### What to do:
Go through the data and count the lines holding the string "from". Write only the number.
BEGIN
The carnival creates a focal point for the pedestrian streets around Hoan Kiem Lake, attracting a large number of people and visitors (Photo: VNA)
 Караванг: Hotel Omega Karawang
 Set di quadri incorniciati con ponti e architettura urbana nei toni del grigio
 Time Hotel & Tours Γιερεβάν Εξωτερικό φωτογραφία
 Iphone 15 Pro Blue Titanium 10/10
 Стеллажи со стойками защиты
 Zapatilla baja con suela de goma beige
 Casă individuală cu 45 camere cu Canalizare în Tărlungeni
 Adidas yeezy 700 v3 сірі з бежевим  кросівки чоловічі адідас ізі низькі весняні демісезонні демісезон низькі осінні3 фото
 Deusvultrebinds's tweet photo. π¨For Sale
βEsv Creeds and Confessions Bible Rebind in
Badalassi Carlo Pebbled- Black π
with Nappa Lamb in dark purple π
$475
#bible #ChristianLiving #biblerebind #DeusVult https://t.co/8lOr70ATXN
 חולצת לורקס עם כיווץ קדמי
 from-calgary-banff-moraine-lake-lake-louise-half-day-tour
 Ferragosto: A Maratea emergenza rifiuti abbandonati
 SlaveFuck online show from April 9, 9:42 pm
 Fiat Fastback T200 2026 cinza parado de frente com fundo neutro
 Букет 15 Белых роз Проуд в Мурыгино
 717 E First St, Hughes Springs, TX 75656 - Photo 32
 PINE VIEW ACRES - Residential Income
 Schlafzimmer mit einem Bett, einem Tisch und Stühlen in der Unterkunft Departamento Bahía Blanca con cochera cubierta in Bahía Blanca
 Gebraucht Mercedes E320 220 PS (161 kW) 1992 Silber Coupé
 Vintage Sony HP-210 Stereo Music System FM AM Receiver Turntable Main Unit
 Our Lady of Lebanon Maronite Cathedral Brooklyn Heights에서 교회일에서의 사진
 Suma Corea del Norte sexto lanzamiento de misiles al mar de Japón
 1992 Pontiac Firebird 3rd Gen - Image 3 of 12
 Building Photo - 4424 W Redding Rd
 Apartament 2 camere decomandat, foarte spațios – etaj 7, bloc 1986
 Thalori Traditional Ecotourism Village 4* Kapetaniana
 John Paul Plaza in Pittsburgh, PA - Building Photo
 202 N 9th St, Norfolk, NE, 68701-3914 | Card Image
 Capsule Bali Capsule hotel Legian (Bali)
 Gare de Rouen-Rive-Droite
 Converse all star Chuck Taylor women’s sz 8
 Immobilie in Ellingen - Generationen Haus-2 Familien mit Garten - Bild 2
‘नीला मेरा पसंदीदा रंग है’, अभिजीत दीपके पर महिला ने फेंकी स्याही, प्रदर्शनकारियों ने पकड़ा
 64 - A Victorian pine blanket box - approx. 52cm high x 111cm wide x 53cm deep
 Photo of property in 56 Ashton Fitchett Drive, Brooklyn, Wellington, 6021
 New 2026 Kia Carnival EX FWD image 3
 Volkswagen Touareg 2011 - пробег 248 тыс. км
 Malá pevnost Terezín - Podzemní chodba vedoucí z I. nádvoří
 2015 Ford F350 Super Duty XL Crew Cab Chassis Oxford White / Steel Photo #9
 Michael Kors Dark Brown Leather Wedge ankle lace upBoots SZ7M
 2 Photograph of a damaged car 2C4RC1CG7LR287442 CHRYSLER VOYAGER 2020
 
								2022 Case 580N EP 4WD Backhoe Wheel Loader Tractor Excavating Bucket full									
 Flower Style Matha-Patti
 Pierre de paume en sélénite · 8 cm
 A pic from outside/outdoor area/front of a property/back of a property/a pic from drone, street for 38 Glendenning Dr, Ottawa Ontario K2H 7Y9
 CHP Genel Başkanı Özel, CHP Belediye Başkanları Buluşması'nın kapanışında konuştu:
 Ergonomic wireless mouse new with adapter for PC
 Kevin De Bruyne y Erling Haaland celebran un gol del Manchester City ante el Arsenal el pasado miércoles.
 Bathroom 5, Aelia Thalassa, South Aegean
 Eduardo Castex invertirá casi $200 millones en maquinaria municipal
END
### Reply:
3